SQL Style Guide

A set of conventions and guidelines for writing SQL at GitLab

SQL Style Guide

This guide establishes our standards for SQL and are enforced by the SQLFluff linter and by code review. The target code changes that this stile guide apply to are those made using dbt.

If you are not on the Data Team or you are developing SQL outside of dbt, keep in mind that the linting tools may be more difficult to apply, but you are welcome to follow the guidance given within this guide.

Usage

We expect that people will use the style presented in this guide during there development. Enforcement is still expected to happen at the time of review as the CI pipeline is only run manually. At a latter date the pipeline will run with every change and eventually set to be mandatory for the pipeline to pass.

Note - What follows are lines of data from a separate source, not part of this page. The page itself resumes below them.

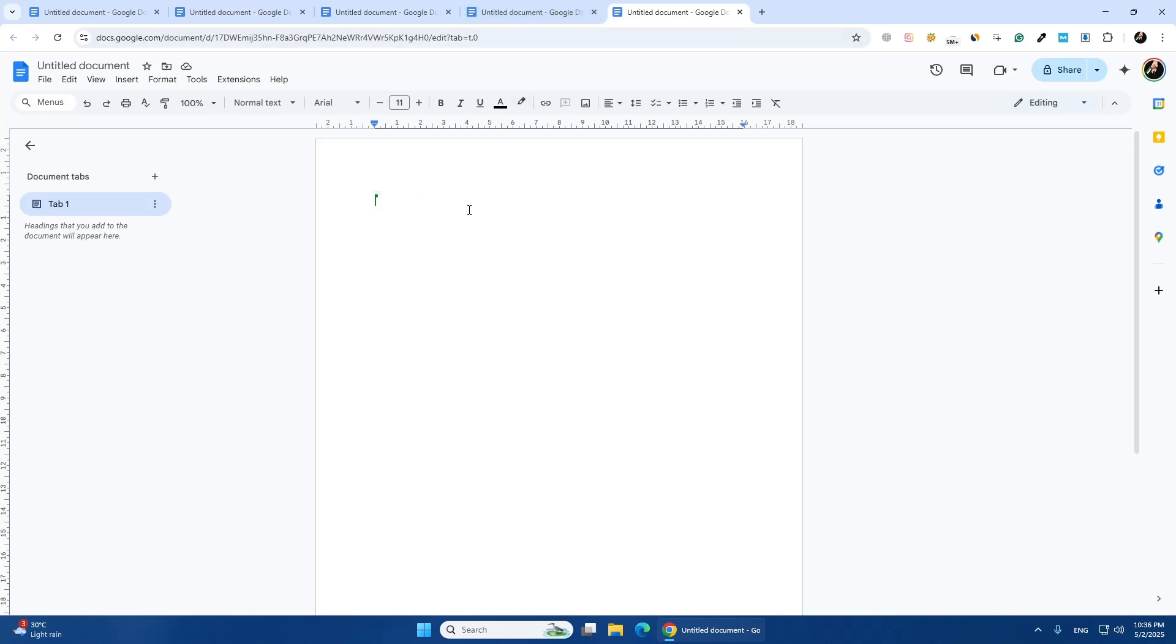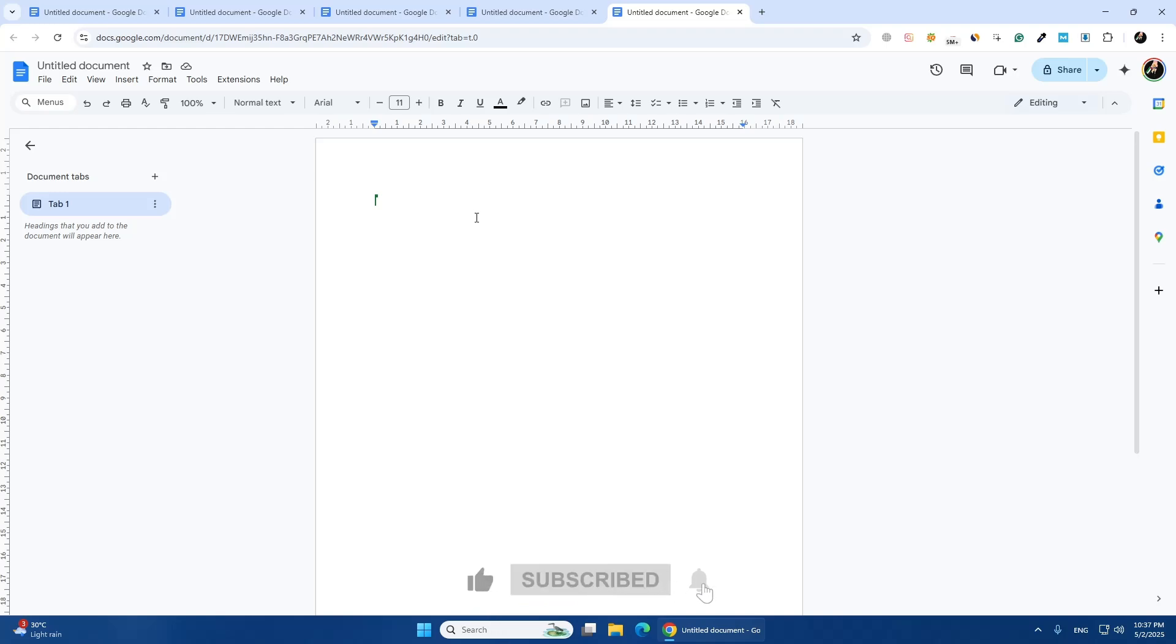Duplicating tabs can help you stay organized and save time. Now you know several ways to duplicate tabs in Chrome. Try each method and see which one works best for you. Thanks for watching.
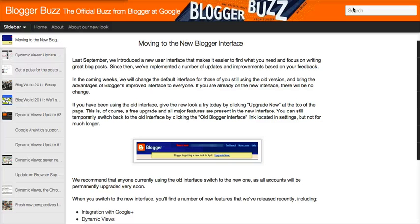Hi, this is Lisa from the Blogger Team. Today I'd like to show you some improvements that we've made to the search function within Dynamic Views. If you type in a keyword in the search bar on the top right side — for example, I want to see all the blog posts that mention Dynamic Views.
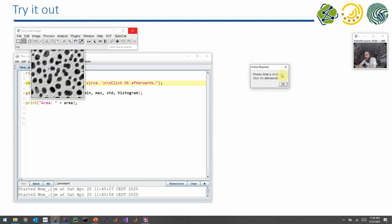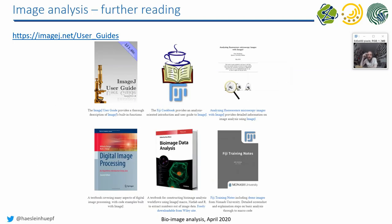So I tend to add this "click OK afterwards" sentence usually, because often people click on OK and want to draw the circle afterwards. But unfortunately, it's not working like that. It works the other way around. You have to draw the circle first before you click on OK. And that's why I tend to put this additional sentence in here.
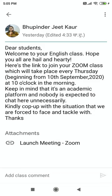So class starts every Thursday from 10th September at 10 o'clock in the morning. Your teacher will inform you about the class time. Below, the teacher has given a link. This does not mean you click it and join right now — I'll show you what happens if you click it immediately.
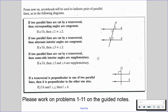And lastly, if a transversal is perpendicular to one of two parallel lines, then it is perpendicular to the other one also. So if we know that lines J and K are parallel and our transversal line L is perpendicular to line J, then that means transversal L also has to be perpendicular to K.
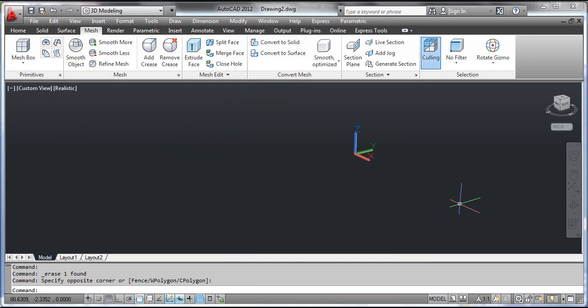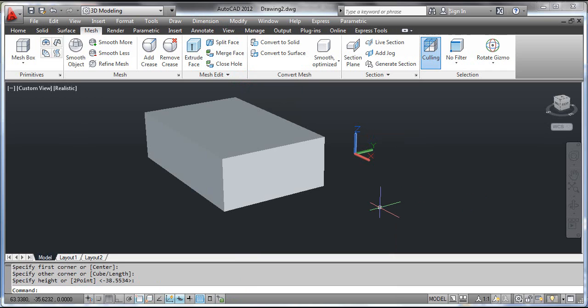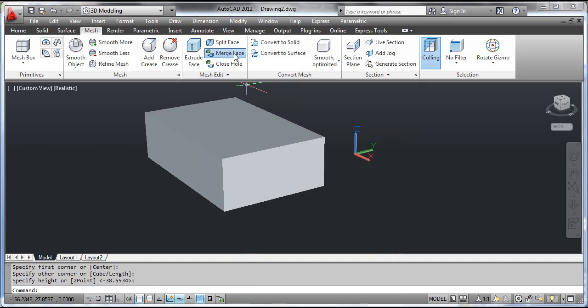Select the mesh box tool and draw the parallelepiped. Select the Merge Face tool. At the CAD prompts, select adjacent mesh faces to merge. Click two adjacent faces of the mesh object as shown on the screen and press enter.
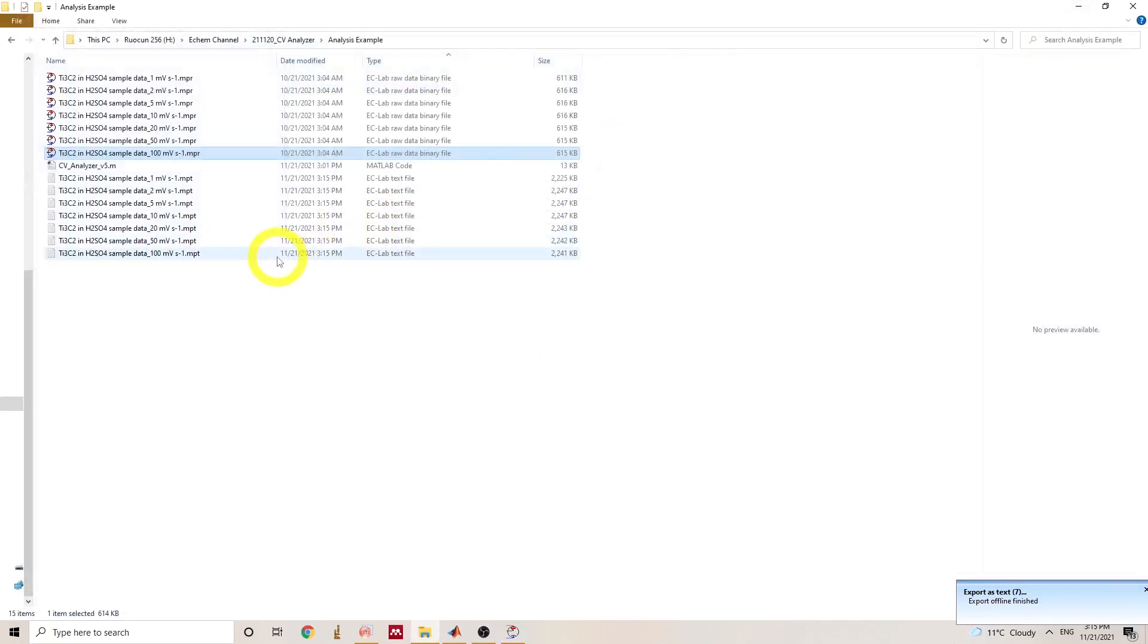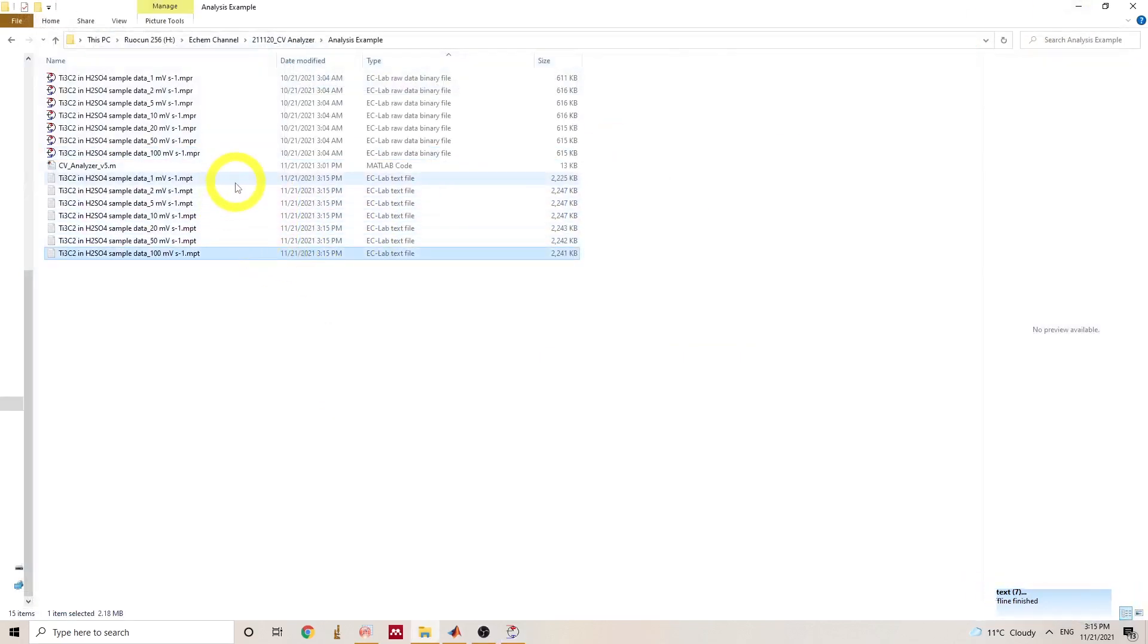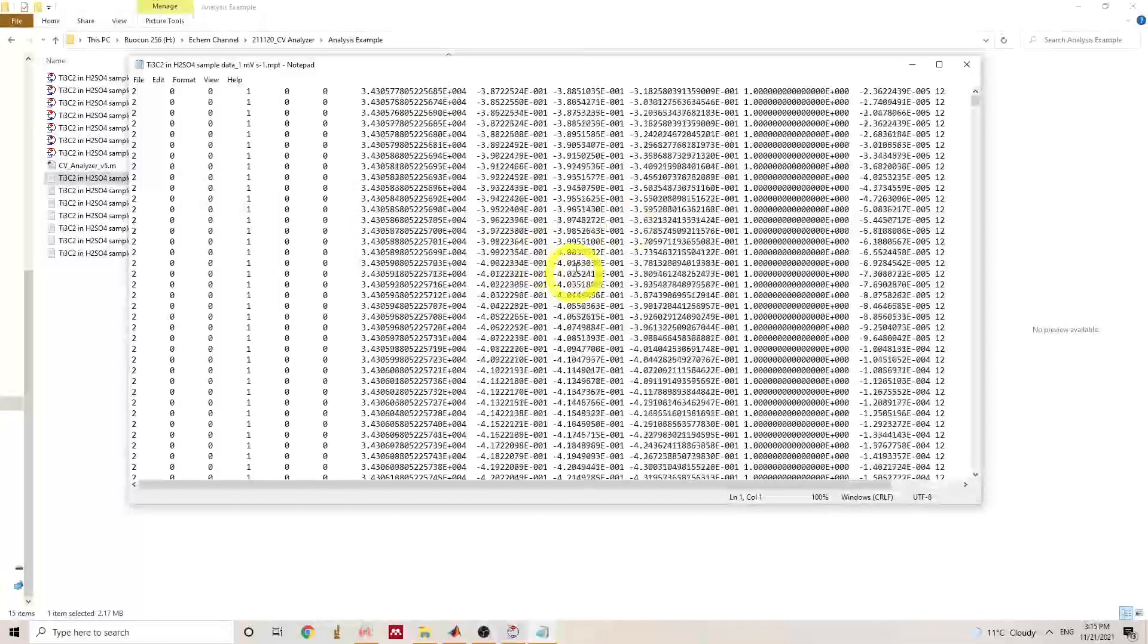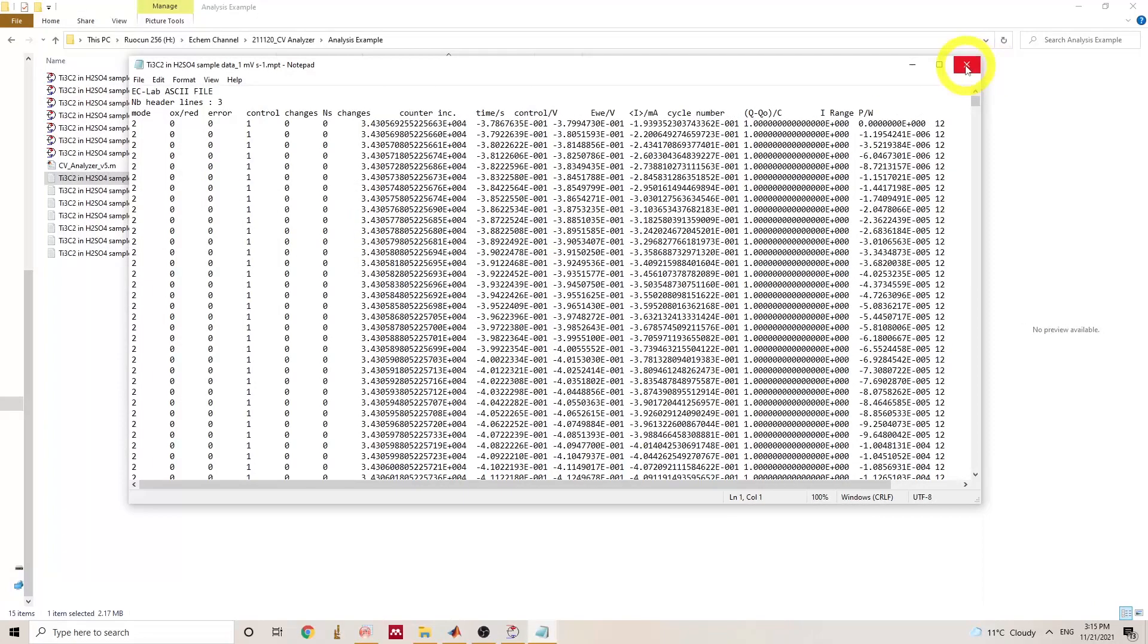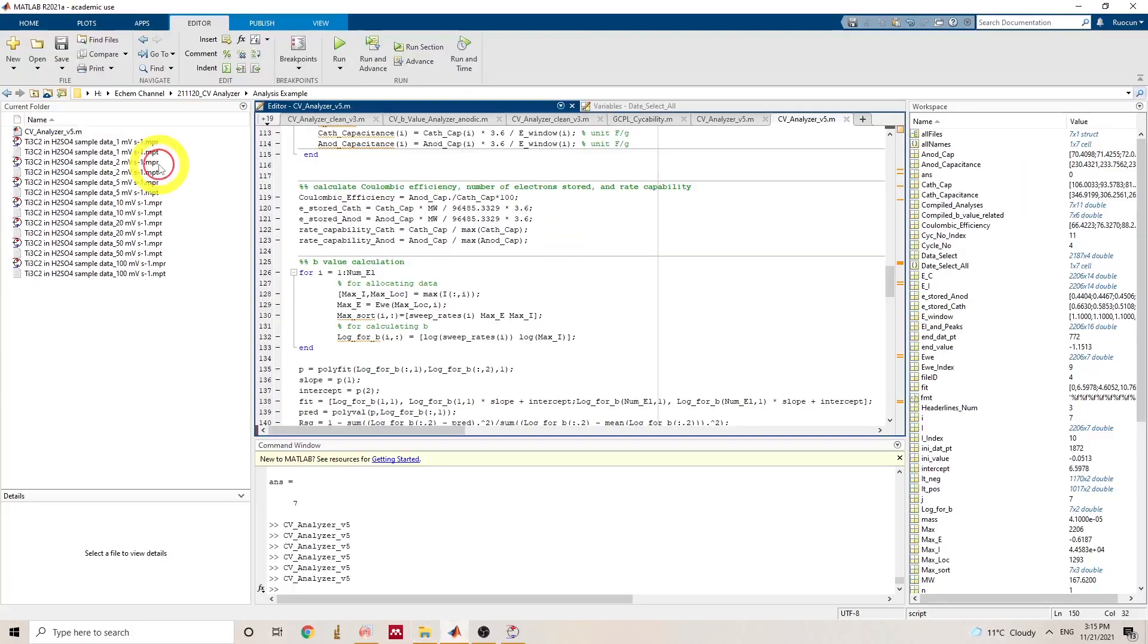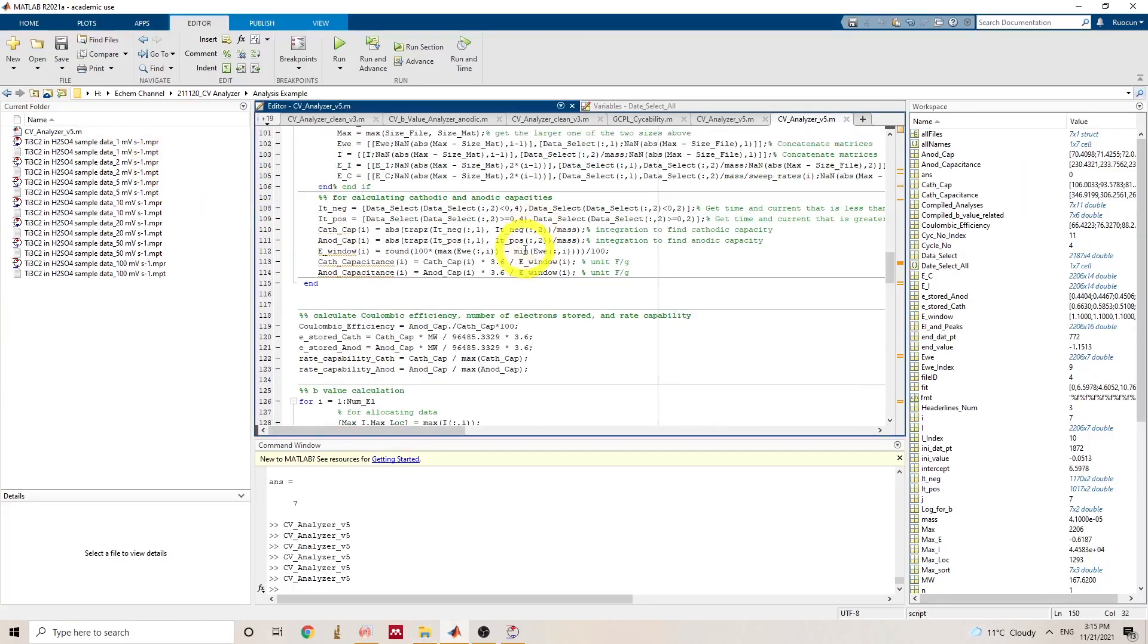And as you can see, the files are generated in the format of MPT. So these are the data files. And to perform the analysis, we'll just double click here.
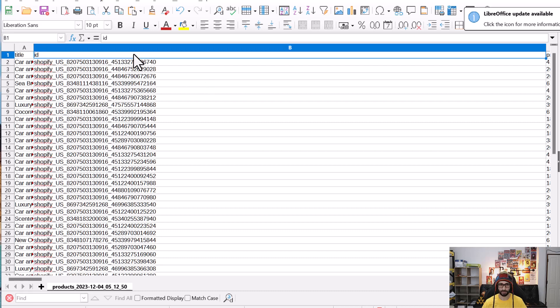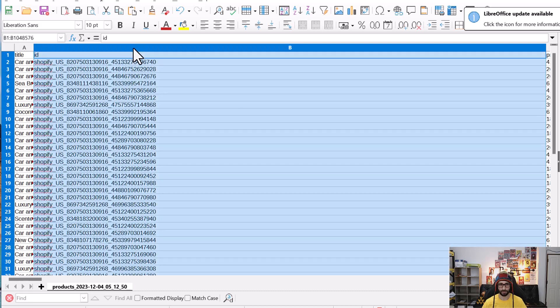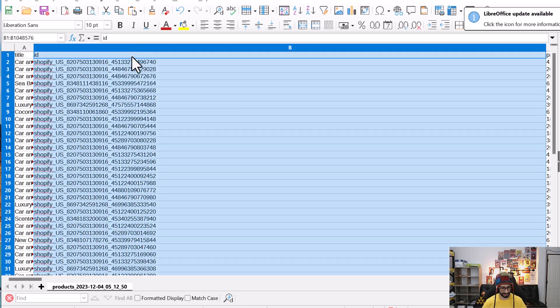The column that we want to copy is the ID column. We highlight the whole column and click copy.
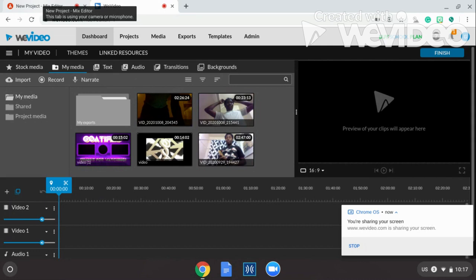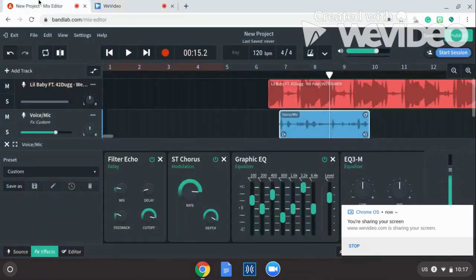Today we're gonna be talking about how to get auto-tune on BandLab. So you can get auto-tune when you're making songs, because it's hard to do it on Chromebook. But you can do this on any PC device, MacBook, whatever, because usually they just say it's for phone but it's not. I'll show you — so once you log into BandLab, like right here.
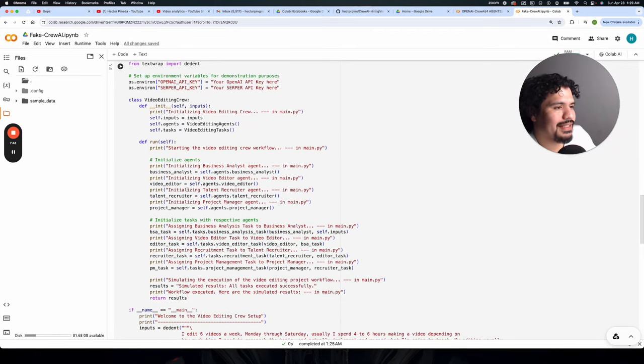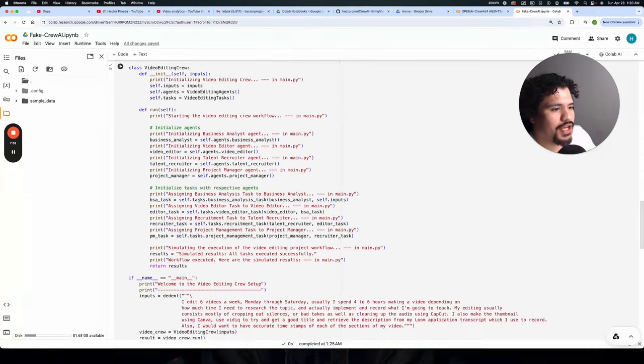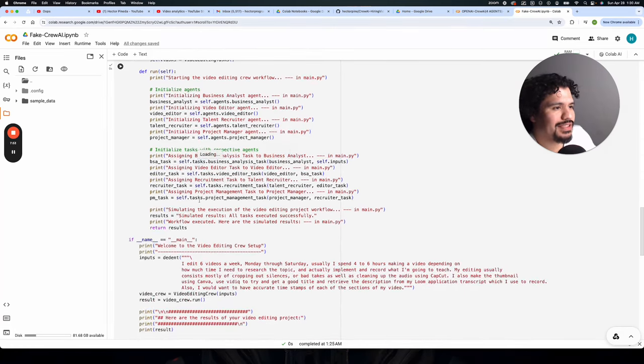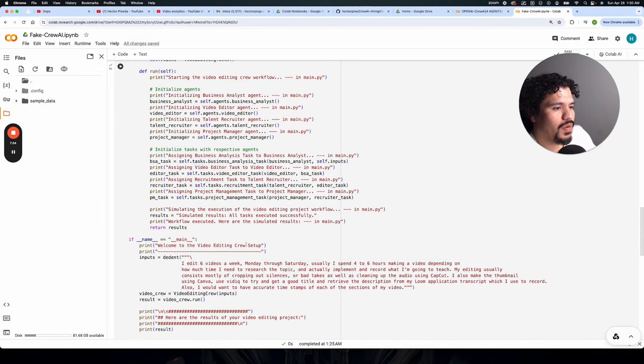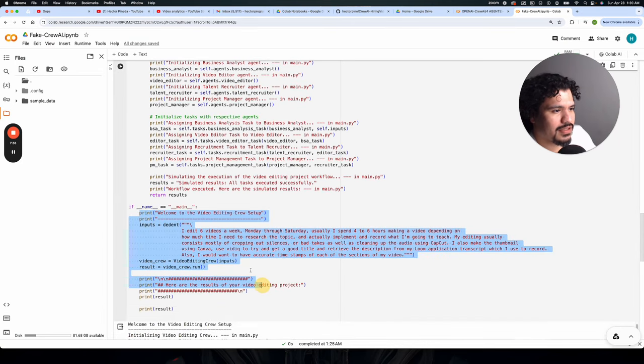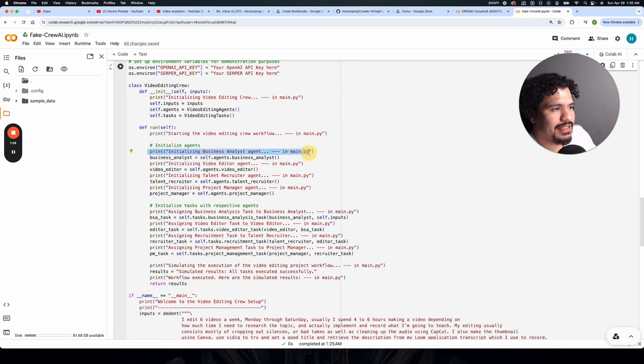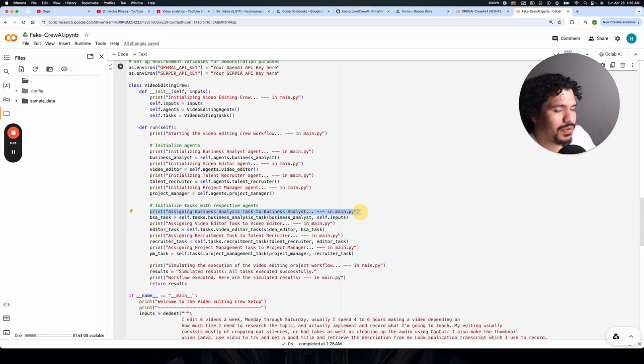This is one of the main chunks of any Python project. So you'll be able to see here the flow of when it starts out. And then you'll be able to see a print statement each time that an agent is initialized, each time that a task is called or initialized.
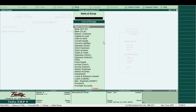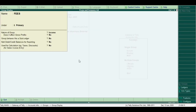Tally displays the list of groups. For example, select Fees, the group which you have created. Press Escape to return to the main menu.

The previous style guide used a mixed indentation style that the linter does not support so every model will likely fail the first time it is checked. The intention is that models will be updated to the new style as they are worked on normally as not all of the rules can automatically enforced (such as explicit column aliasing). The intention of working updating them in the course of other development is to keep the changes manageable.

SQLFluff

SQLFLuff is a SQL linter that works with templating tools like dbt. We use it to define the basic structure and style of the SQL that we write and move the review of that structure and style into the hands of the authors. SQLFluff is included within the dbt development environment and it uses the dbt templating engine during the linting process. It can be used with the following command:

sqlfluff lint models/path/to/file/file-to-lint.sql

If you are in the pytohn virtual environemtn for dbt then a make command with a dbt model name can be used:

make lint-models MODEL="model_name"

A dbt command can also be used to get a list of files to lint:

sqlfluff lint $(dbt list --model model_name --output path)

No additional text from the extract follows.